Materi yang diungkapkan mencakup strategi pemasaran melalui media sosial, pemanfaatan platform iklan virtual, mencapai teknik analisis knowledge untuk meningkatkan penjualan. Sesi ini dirancang khusus oleh PINTAR agar peserta bisa memahami lebih mendalam keterkaitan pengimplementasian pemasaran virtual pada bisnis mereka.
ADVERTISEMENT
SCROLL TO RESUME CONTENT
Menurut Ray Pulungan, CEO PINTAR, “Digitalisasi bukan hanya sebuah opsi, melainkan kebutuhan bagi UMKM untuk bertahan dan berkembang di era fashionable. Melalui inisiatif ini, kami ingin memastikan bahwa pelaku usaha mempunyai alat yang diperlukan untuk bersaing di pasar virtual yang semakin kompetitif.”
Keterlibatan UMKM Bagi Masa Depan Ekonomi Virtual Indonesia
Keterlibatan Usaha Mikro, Kecil, dan Menengah (UMKM) dalam ekosistem virtual menjadi pilar penting bagi masa depan perekonomian Indonesia. Transformasi virtual memungkinkan UMKM memperluas jangkauan pasar, meningkatkan efisiensi operasional, dan beradaptasi dengan dinamika pasar global yang terus berkembang. Dengan mendapatkan keuntungan dari teknologi virtual, UMKM bisa berpartisipasi lebih aktif dalam rantai pasokan global, meningkatkan daya saing, dan berkontribusi signifikan terhadap pertumbuhan ekonomi nasional.
Menurut knowledge Kementerian Koperasi dan UKM, mencapai Juli 2024, sebanyak 25,5 juta UMKM atau sekitar 40% UMKM telah bertransformasi dan masuk ke dalam ekosistem virtual.

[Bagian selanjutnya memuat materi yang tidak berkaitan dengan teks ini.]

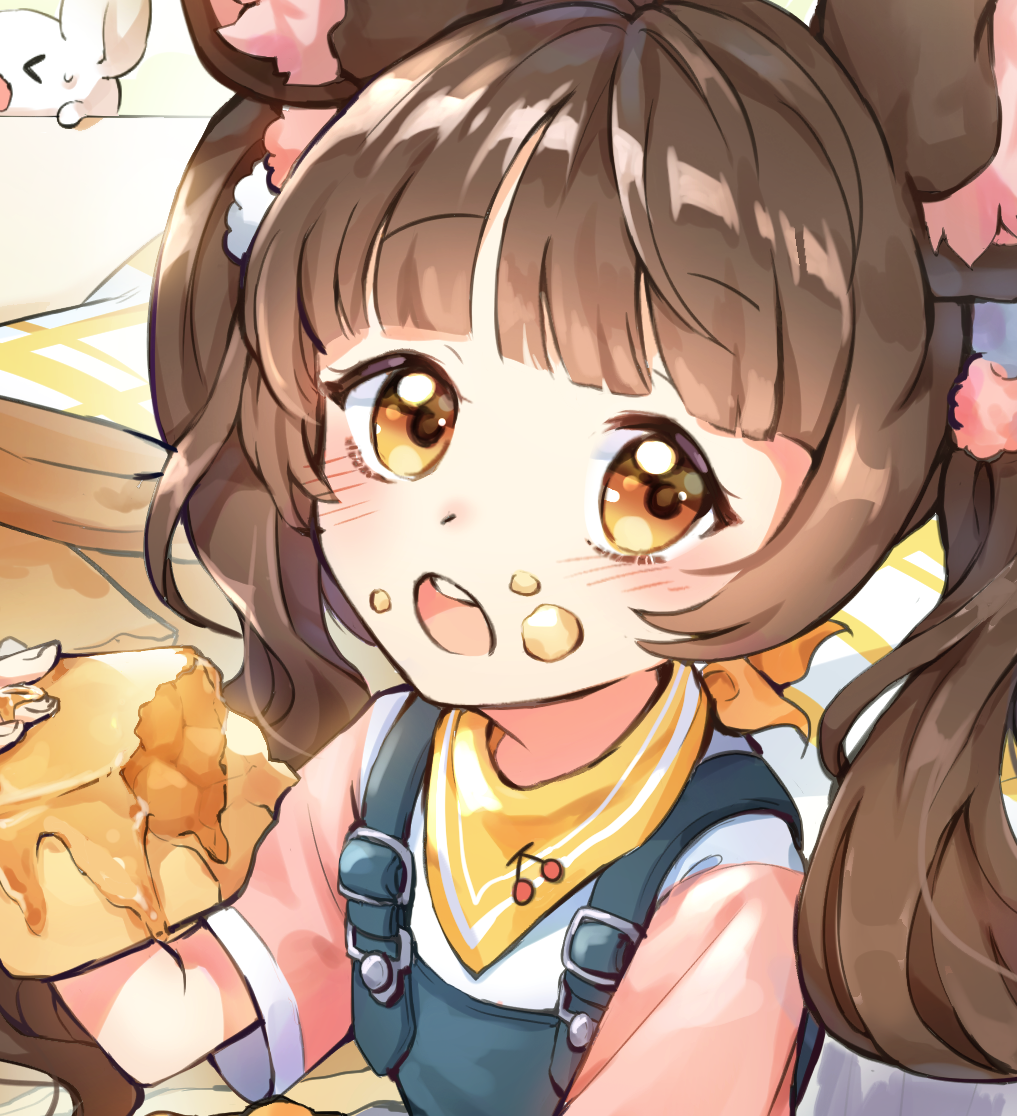 &gt;o&lt; 1girl animal_ear_fluff animal_ears apple_pie bangs brown_hair child close-up eating eyebrows_visible_through_hair food food_on_face holding holding_food lerome light_brown_eyes long_hair looking_at_viewer mouse mouse_ears neckerchief open_mouth original overalls short_sleeves solo_focus twintails upper_body yellow_neckwear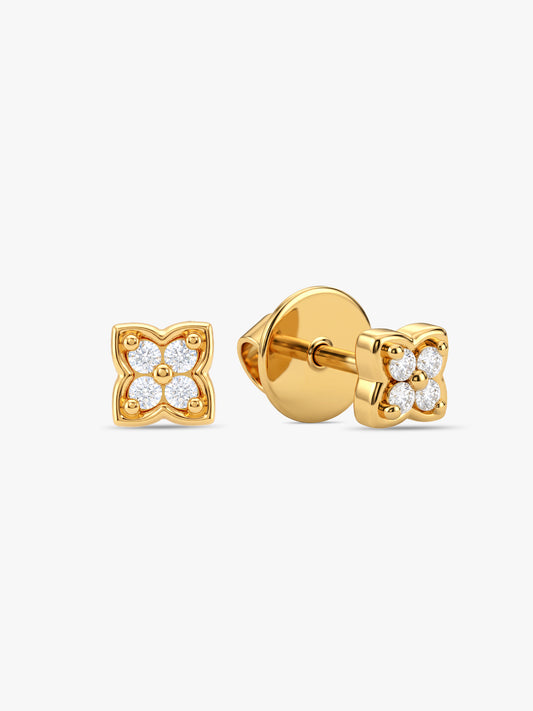 Gold Solis Quad Stud Earrings
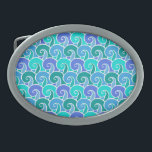 Water Ocean Waves in Blue Nautical Beach Pattern Belt Buckle<br><div class="desc">This pretty ocean-inspired pattern shows water waves in varying shades of blue and teal green. It's for anyone who loves the sea. This nautical pattern is seamlessly tiled and can be "customized" and made bigger or smaller on the product. These beautiful, swirling waves of water will make you want to...</div>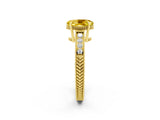 Yellow gold Oval Cut Yellow Sapphire Engagement Ring with Milgrain Channel Set Band and Prong Setting_26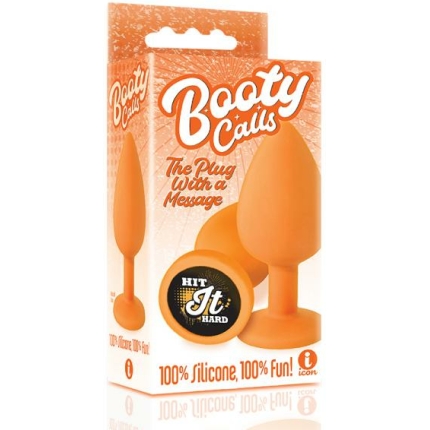 The 9's Booty Call Silicone Butt Plug Orange Hit It Hard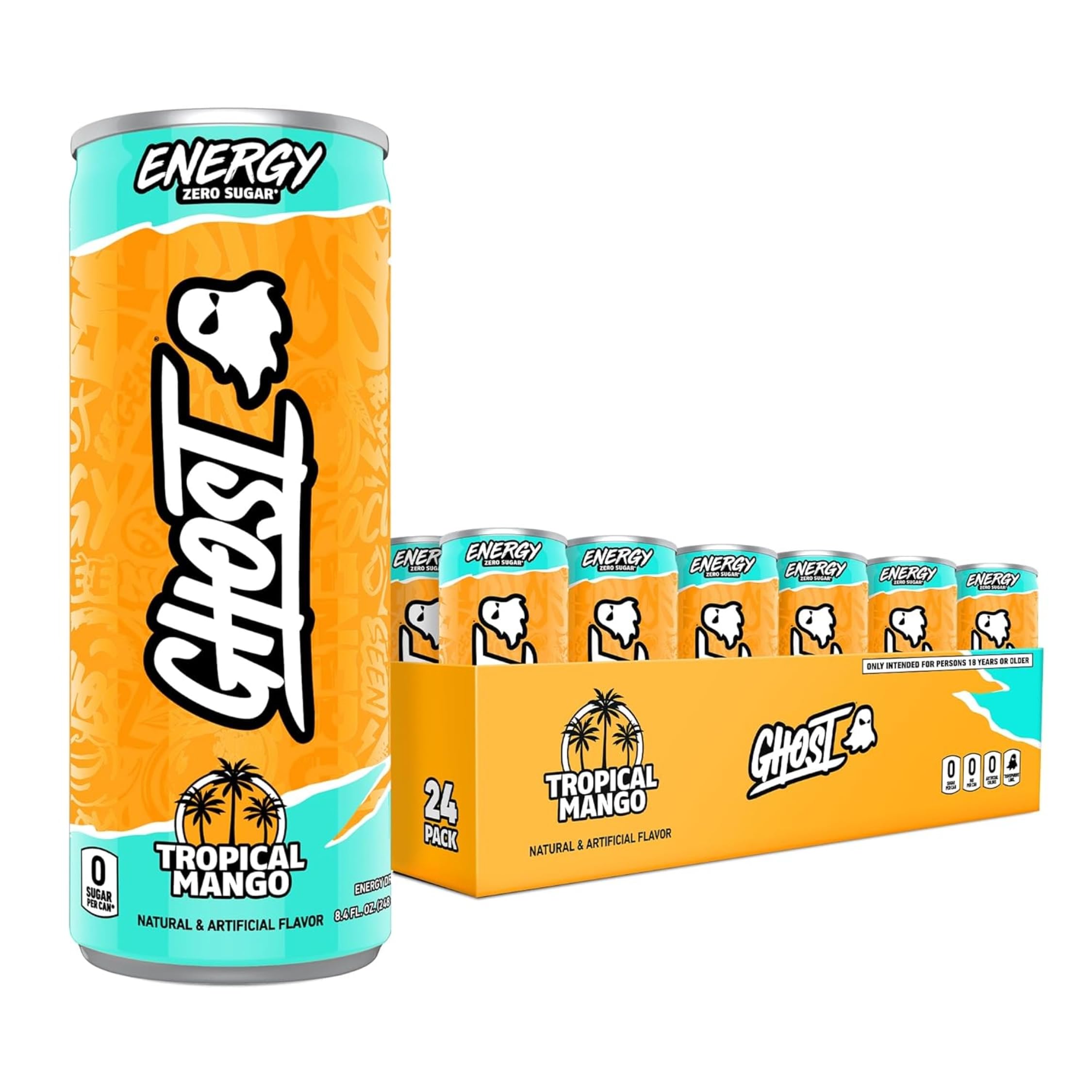 GHOST Tropical Mango Energy Drink 8.4oz 24 Pack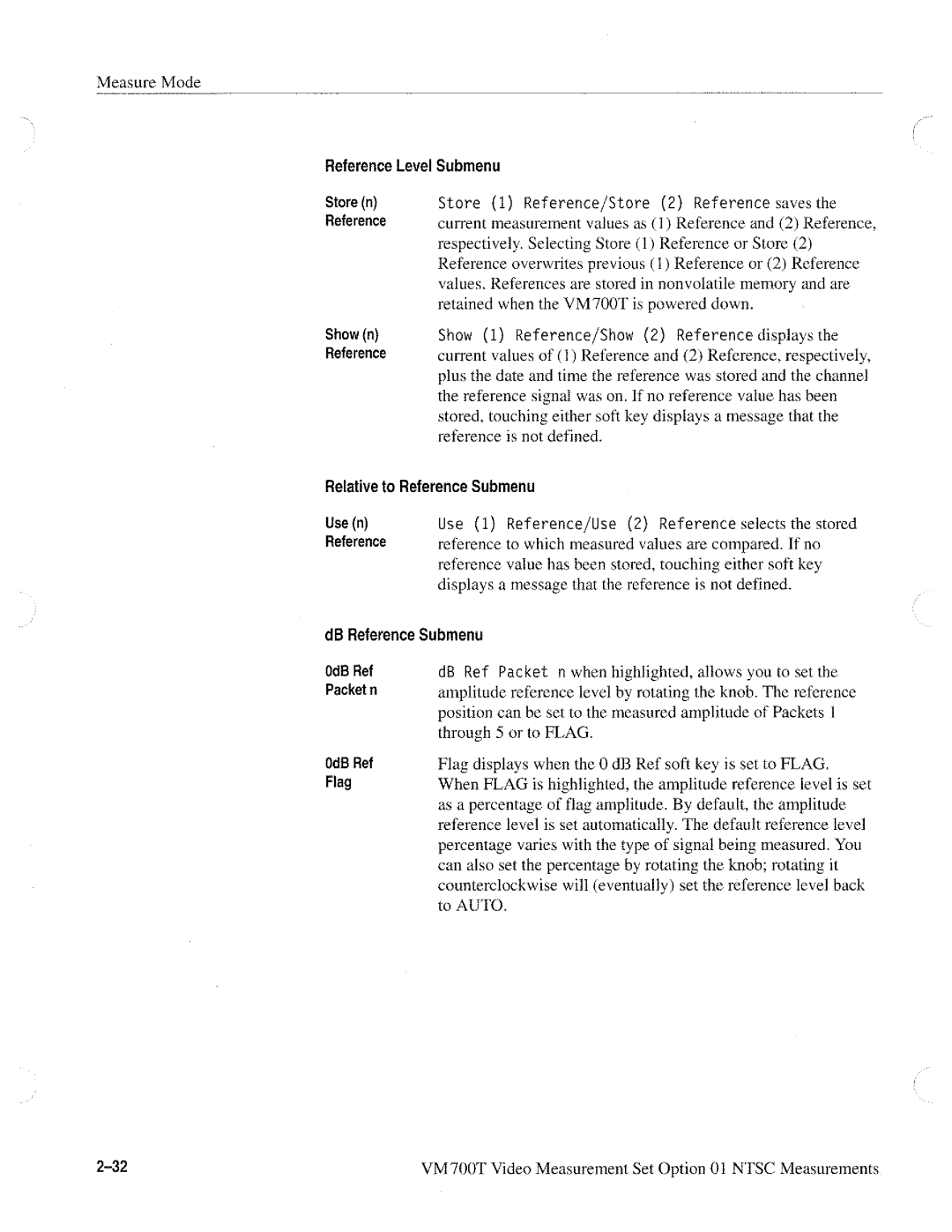 Tektronix VM700T manual 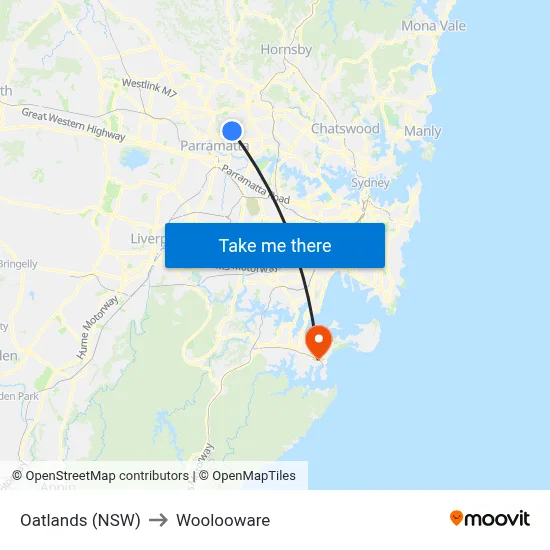 Oatlands (NSW) to Woolooware map
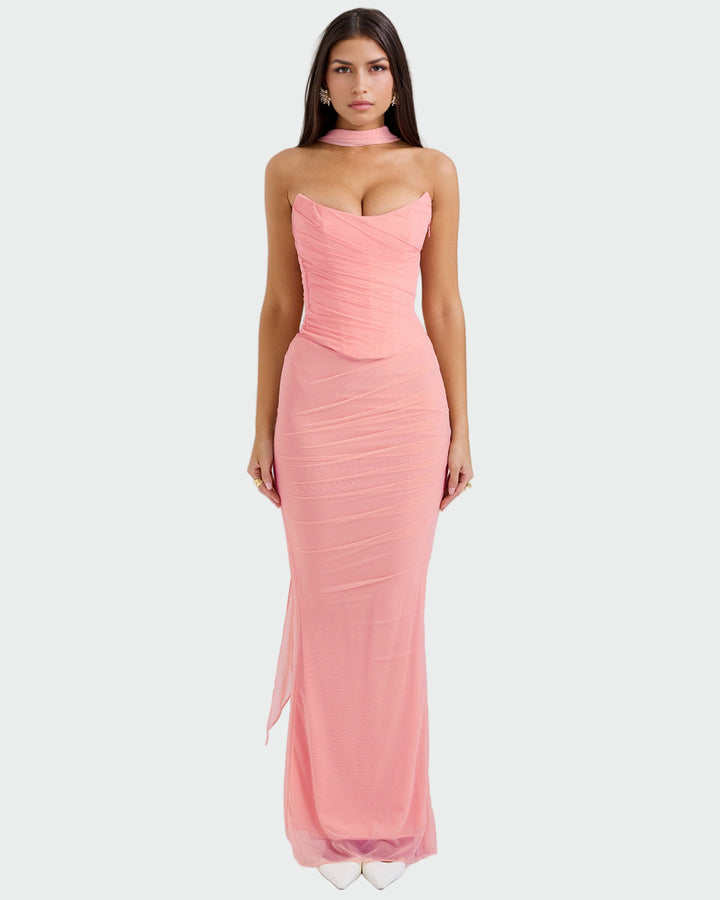 Lora | Vestido Longo Drapeado com Colar-Corsage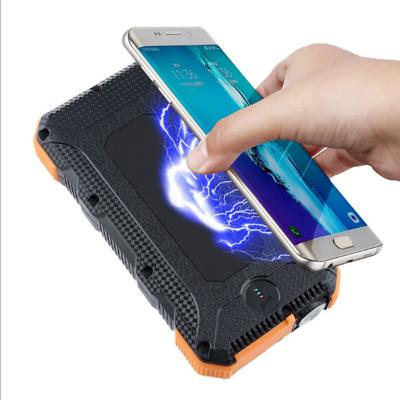 China Outdoor Portable Charger Powerbank Solar Panel Radio Support Fast Charging Powering Mobile Phone Fast Charging 30000 Mah Waterproof Solar Power Bank for sale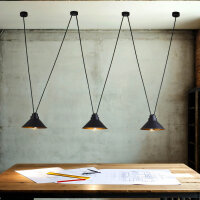 Lampe à suspendre noire 3-flmg Lampe de table...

Angka ini memperlihatkan kemajuan signifikan dalam upaya digitalisasi sektor UMKM, meski demikian masih terdapat jutaan pelaku usaha yang belum tersambung secara virtual. Menteri Komunikasi dan Virtual (Menkomdigi), Meutya Hafid, pada acara Program Degree Up UMKM Bersama Menkomdigi menyampaikan optimismenya di tahun 2025, UMKM Virtual akan meningkat menjadi 50 – 60%. Perlu adanya akselerasi dalam proses adopsi teknologi di kalangan UMKM untuk hingga goal tersebut.
PINTAR, sebagai platform pengembangan tenaga kerja terkemuka, berkomitmen untuk memberi dukungan percepatan digitalisasi UMKM di Indonesia. Melalui berbagai program pelatihan dan workshop, PINTAR berupaya membekali pelaku UMKM dengan keterampilan virtual yang relevan, dengan begitu mereka bisa mendapatkan keuntungan dari peluang yang ditawarkan oleh ekonomi virtual. Kolaborasi dengan Program Prakerja semakin memperkuat upaya ini, memastikan bahwa pelaku UMKM mempunyai akses terhadap sumber daya dan pengetahuan yang diperlukan untuk sukses di era virtual.